Hey everyone! Sharing something I’ve been running in production for a few months — a WhatsApp AI agent built entirely in n8n.
What it does:
- Receives WhatsApp messages via webhook and buffers them (10s window) to handle rapid-fire messages as one unit
- Runs an AI agent (Claude 3.5 Haiku via OpenRouter) with a business-specific system prompt
- Detects urgency via keyword regex OR AI tagging
{handoff} — triggers team notification with full conversation context
- Human takeover mode: team types “unlock” to re-enable the bot after handling
- Follow-up sequences: D+1 and D+3 automatic follow-ups via cron (suppressed if human mode active, opted out, or booking confirmed)

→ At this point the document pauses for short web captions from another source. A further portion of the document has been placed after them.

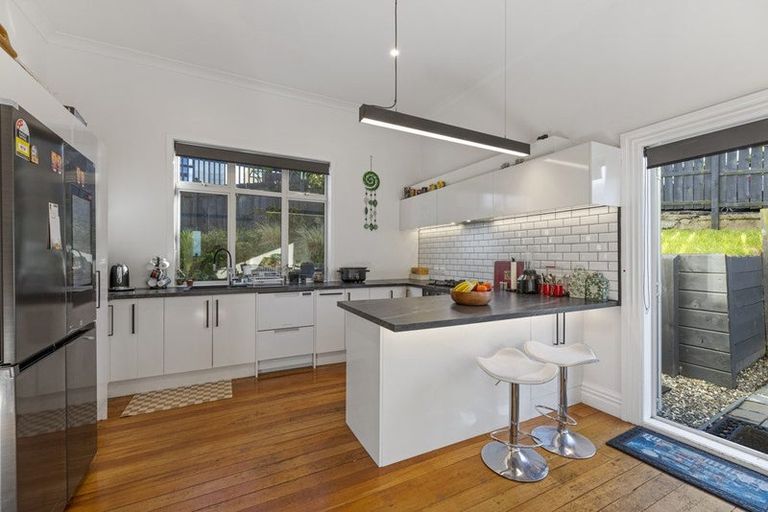 Photo of property in 39 Argyle Street, Mornington, Dunedin, 9011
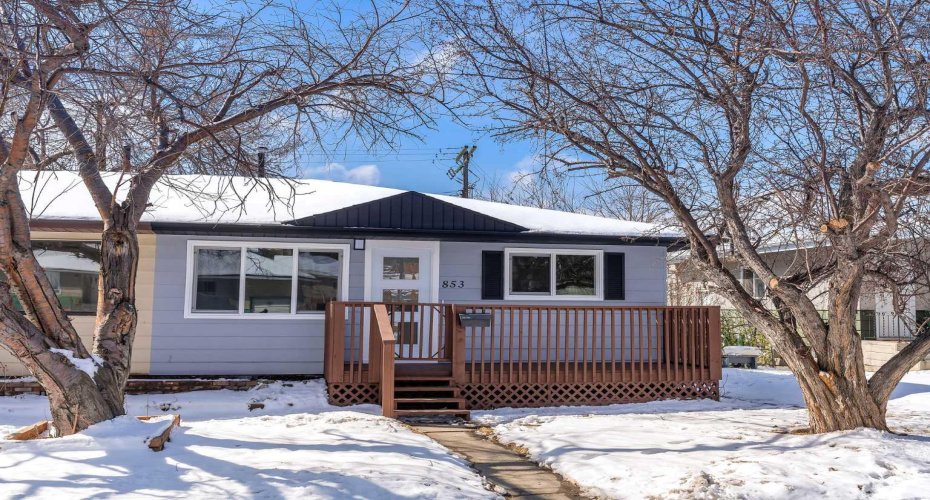 853 Northmount Drive, Calgary, Alberta T2L 0A3, 4 Bedrooms Bedrooms, ,2 BathroomsBathrooms,Residential,For Sale,Northmount,A2306293
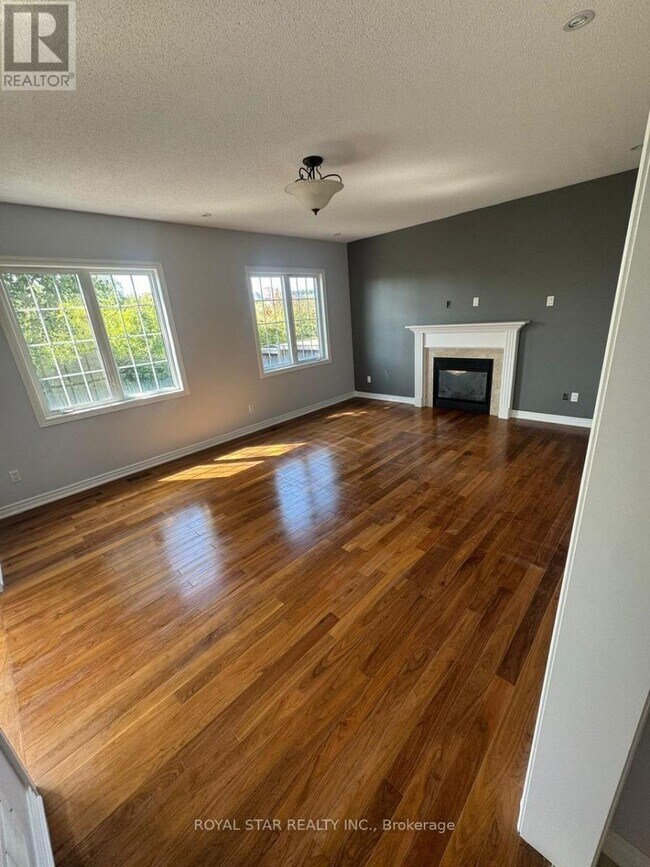 Photo du bâtiment - 300 Wrigglesworth Crescent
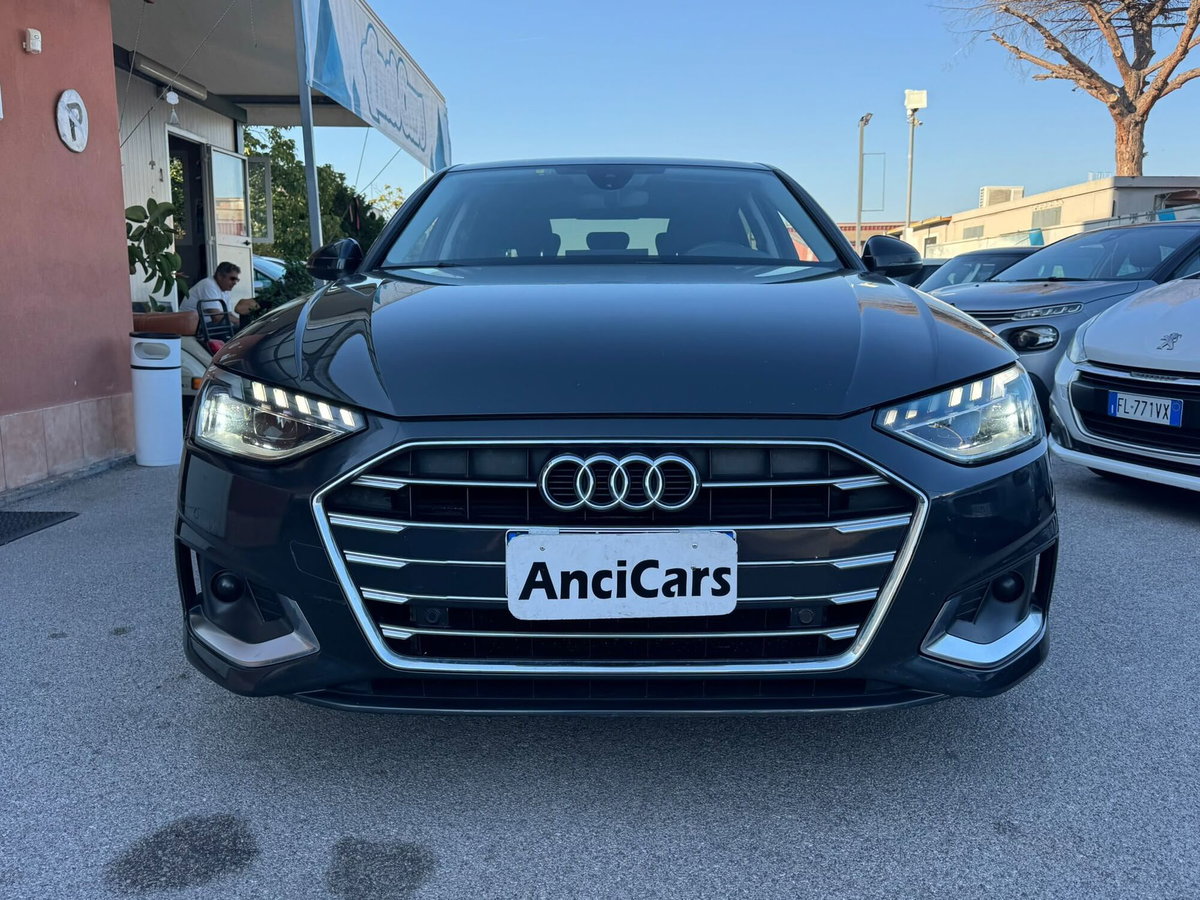 Audi A4 35 2.0 tdi mhev Business Advanced 163cv s-tronic
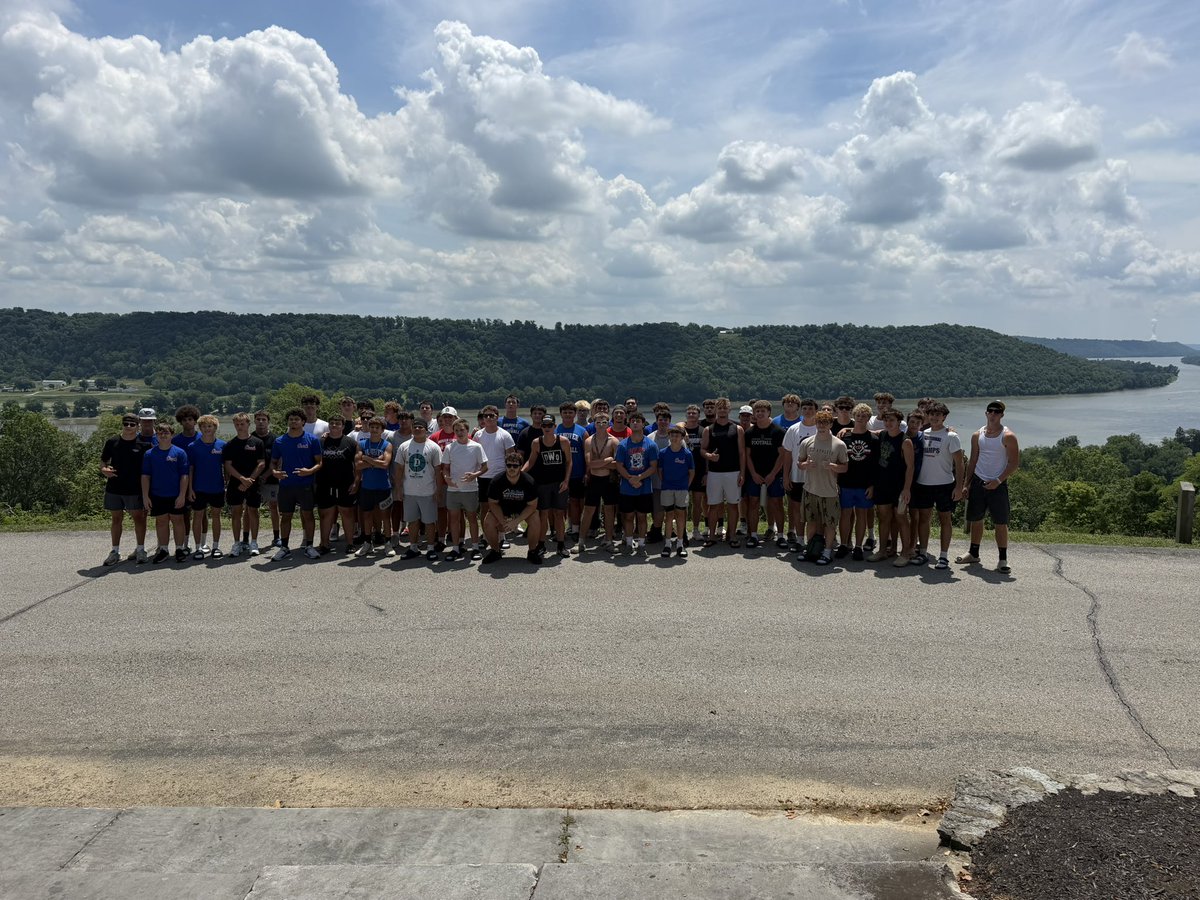 BMoffitt70's tweet photo. At @HanoverFTBL football camp with my team @ICHS_Football. @KyleNeddenriep 
@BrianMacWriter @SamHerderFCS @TheOldCoach @PrepRedzoneIN 
@ICHSAthletics @ICHS_Football 
@ICCoachGoodin 
#MarchOn #LeaveNoDoubt #beastmode #gamechanger #gamewrecker #dline #class2027 #Dlife #defensivelinemanlife #dlinepride #dlinerecruit #nextleveldline #athalete #passrusher #passrush #Dlinemen #defensivetackle #Prospect #FootballRecruiting #RecruitMe #NCAARecruiting
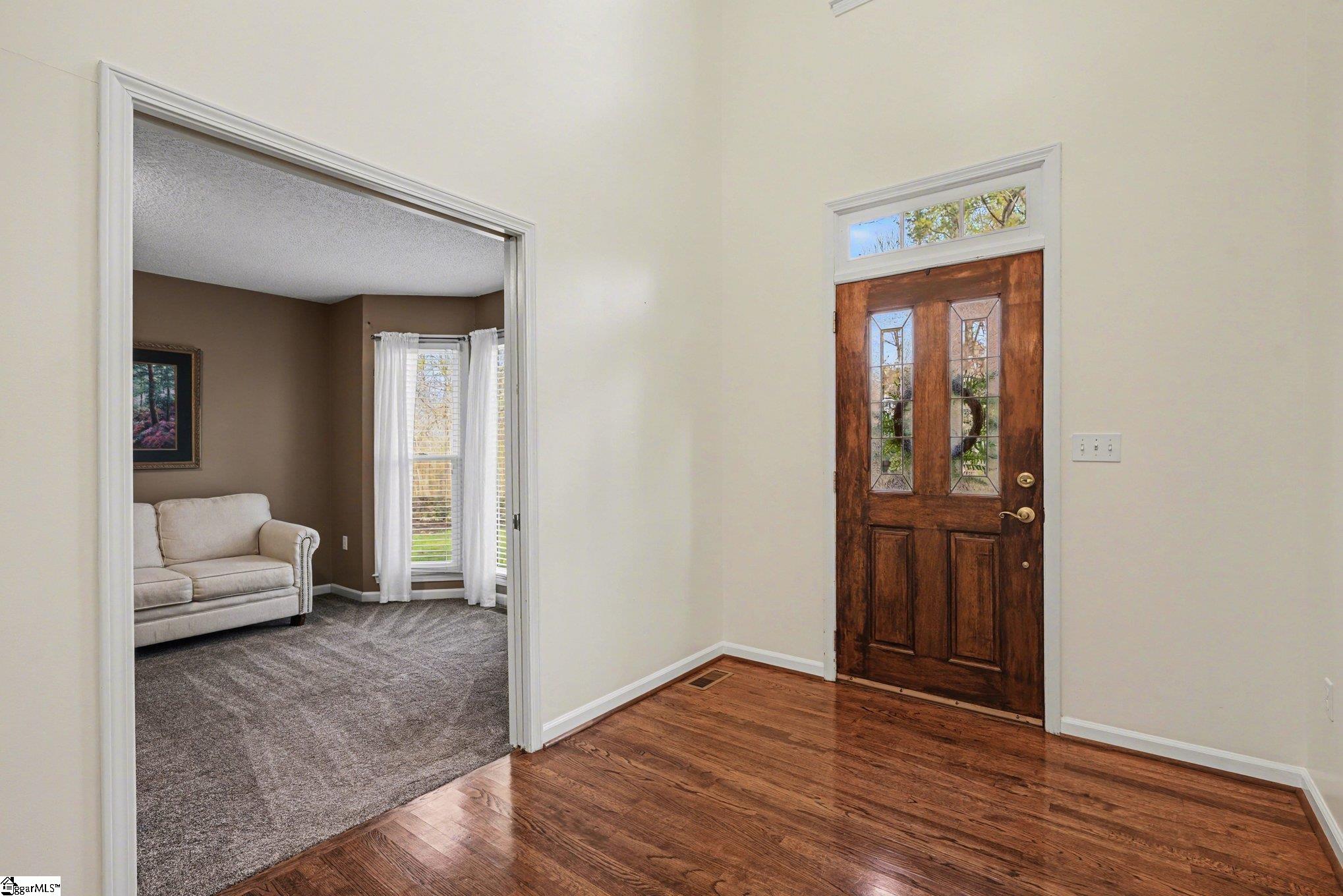605 Shadow Oaks Drive Easley, SC 29642 - Photo 5 of 38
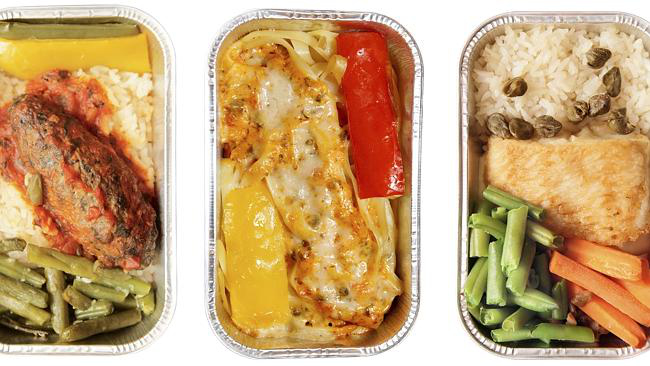 Voici pourquoi la nourriture vous semble aussi mauvaise en avion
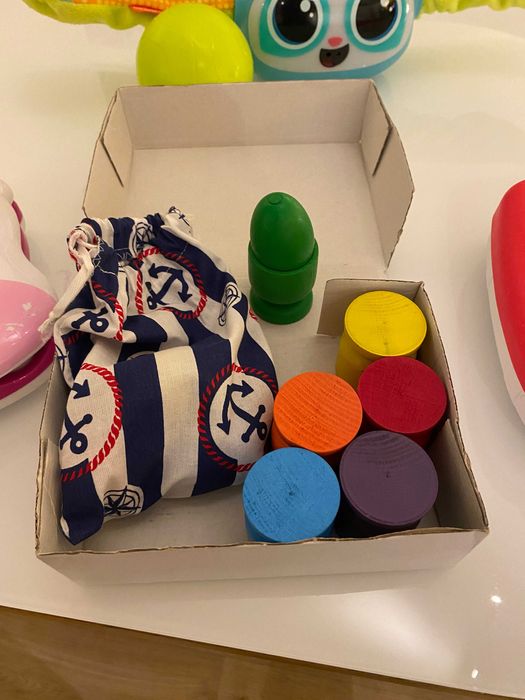 Zabawki Fisher-Price Rovee Szczeniak, Odkrywczy domek, jajka itp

- Automatic fallback: if OpenRouter goes down, switches to Anthropic direct API seamlessly
- Google Calendar integration for real-time appointment scheduling
Architecture highlights:
- Message buffer in PostgreSQL (INSERT → wait 10s → SELECT → DELETE → AI processes aggregated text)
FOR UPDATE SKIP LOCKED prevents duplicate AI responses on concurrent webhooks
- Error monitoring workflow catches DNS/connection failures and alerts via WhatsApp
- All credentials via n8n credential manager — no hardcoded keys
Demo video — dental clinic use case (our pilot client), but the template works for any service business.
I packaged this as a ready-to-import n8n template with full setup guide. Available at zapproai.com — Core ($297) and Pro ($497, adds scheduling + follow-up sequences).
Happy to answer questions about the architecture!
Good catch — that’s actually the weakest point in the current setup, being honest.
Right now: no TTL, no dead-letter. If n8n crashes between INSERT and DELETE, rows sit in wa_msg_buffer indefinitely. The mitigation is a monitoring workflow (separate cron) that scans for messages older than 15 minutes and fires a WhatsApp alert to the team. Cleanup is then manual via a quick DELETE query.
It works fine at 1-4 client scale but I documented it as a known gap for when you scale past ~5 concurrent clients. The proper fix is a created_at column with an automated cleanup cron: delete anything older than 2 minutes that wasn’t processed (implying the webhook died mid-window). A dead-letter table would be cleaner but adds complexity that doesn’t justify itself until you have meaningful volume.
The FOR UPDATE SKIP LOCKED pattern actually helps here too — if the worker crashes after SELECT but before DELETE, the row gets unlocked on session end and the next execution picks it up. Postgres handles that part cleanly.
Update: adding an automated cleanup cron to the monitoring workflow this week — will post the fix here when it’s live.
Hey Benjamin!
We implemented the stuck message detection and auto-cleanup feature you asked about.
The Monitor Central workflow now includes a parallel branch that runs every 30 minutes:
-
CHECK_STUCK_BUFFER — queries wa_msg_buffer for messages older than 5 minutes that weren’t processed
-
Auto-cleanup — uses FOR UPDATE SKIP LOCKED (CTE) to safely delete stuck rows without interfering with active executions
-
Alert — sends a WhatsApp notification with the count and affected chat IDs whenever stuck messages are found and cleaned
This is already included in the Pro template (ZapPro_Monitor_Central.json) — 15 nodes, all in English with placeholder configs.
The workflow now has 14 nodes total (up from 7) and handles both error monitoring AND buffer health in a single cron cycle. No Code node used — all native n8n nodes (Set, IF, Postgres, HTTP Request) to avoid VM2 sandbox timeout issues on some hosting providers.
Let me know if you have any questions on the setup!